With 10 games in the books, with a sobering Sunday in Green Bay giving us so much to decipher and with a bye week offering a chance to reflect and recharge, we offer you a large dose of perspective on this Tuesday morning.
- The first priority over the next 12 days is getting healthy. Adam Gase has given his team this week off. They could certainly use it. "I don't know if we'd have enough for 46 this week," Gase said of the injury situation. "It's been a long grinding season." But with six games left, the bye week is coming at an opportune time. There are no easy fixes on this team, but the benefit of taking a step back and evaluating everything could prove invaluable.
- I understand we can only expect so much healing, what with so many players already lost for the season.
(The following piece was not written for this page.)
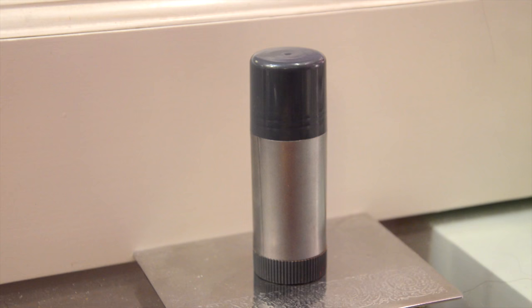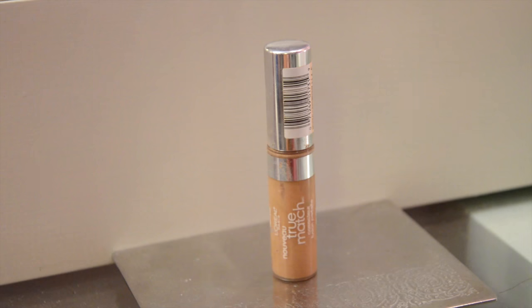Now I'm going to apply my Kryolan TV Paint Stick foundation all over my face. It's a really long-lasting foundation and one of the best waterproof, sweat-proof foundations I've ever used. I'm making lines on my face and dabbing it with my damp beauty blender.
But there is a group of players who are expected and hoping to return for the Nov. 25th game in Indianapolis and that group certainly includes starting tackles Laremy Tunsil and Ja'Wuan James, both missing against Green Bay with knee injuries and both definitely needed back in the lineup.
- Does that group also include quarterback Ryan Tannehill? There was a hint of positive news coming out of Dolphins' camp Monday. Tannehill threw some on Sunday and it appeared to go well. "They said it was a good first step," Gase said. The next step is continuing the throwing process during the week, hoping the pain continues to subside and trying to build the type of strength in his right shoulder that will allow him to play against the Colts. I believe he's got a shot. How good a shot probably won't be clear until early next week.
- The loss to the Packers added more names to an injury list that is already far too long. There was no concrete word on Monday regarding the status of cornerback Bobby McCain (concussion), wide receiver Jakeem Grant (leg) and wide receiver DeVante Parker (shoulder). McCain is recovering from his second concussion of the season; Grant has been battling a sore Achilles for the past few weeks. The players were undergoing further tests on Monday. Stay tuned.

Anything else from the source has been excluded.